Most of our reality is created by our thinking. Consider, for instance, the lines on a road. These boundaries, which tell us that different regions of the road are appropriate for different purposes, are artificial boundaries created by our thinking but which have real power and substance as a result of our obedience of this convention.
Consider also money. Money has value only by convention, but as a result of this convention it is a very real thing with which it is possible to get a lot done and exercise a lot of power. The power of money is a reality, but it is a reality created by our thinking.
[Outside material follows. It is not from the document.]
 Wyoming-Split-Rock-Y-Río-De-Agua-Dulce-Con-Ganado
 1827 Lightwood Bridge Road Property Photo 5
Similar comments apply to language, legal codes, art, possessions, social roles and social status, social norms, etc. It is not only true that some of our reality is created by our thinking; indeed, it might appear that the majority of our reality is created by our thinking. Most of the external world is like the lines on the road.
This was pointed out by the social constructivists. The social constructivists generally go further in the following way. As has just been pointed out, there is a category of things that are socially constructed and which we know to be socially constructed. There is also probably a category of things that are socially constructed and which we do not know to be socially constructed, but think to be constructed by some force outside humanity.
The position of the social constructivists is, in essence, that this latter category is large, and that we frequently make the mistake of ascribing to forces outside humanity things that are really due to forces within humanity. Without taking this position we can nonetheless acknowledge that most of the daily reality that we navigate is, in a very uncontroversial sense, socially constructed.